Problem statement - Using the data below, return word for word every line from the one holding "Vista 5 de Blulu" down to the one holding "Balcony wooden railing". Leave pictures out.

Record set -
# # # #

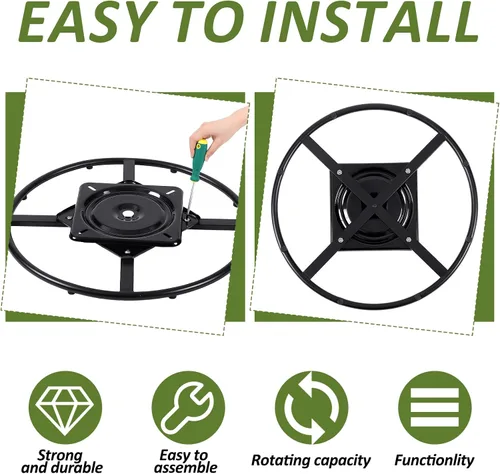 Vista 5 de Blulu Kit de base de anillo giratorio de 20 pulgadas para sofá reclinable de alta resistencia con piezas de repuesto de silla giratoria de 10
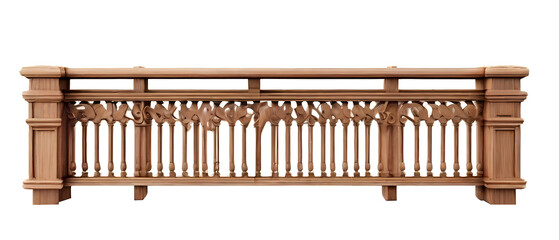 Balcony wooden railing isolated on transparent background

# # # #

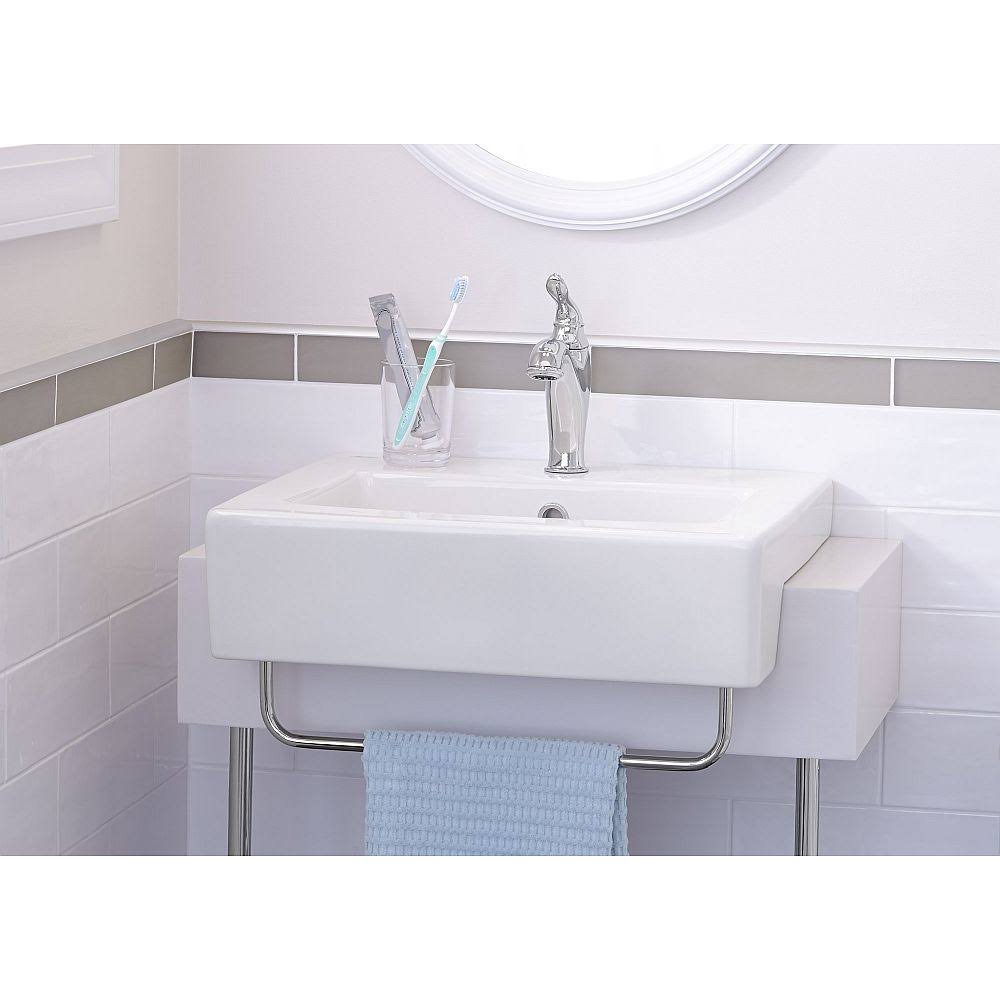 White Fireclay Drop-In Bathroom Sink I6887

# # # #

Answer space -
 Vista 5 de Blulu Kit de base de anillo giratorio de 20 pulgadas para sofá reclinable de alta resistencia con piezas de repuesto de silla giratoria de 10
 Balcony wooden railing isolated on transparent background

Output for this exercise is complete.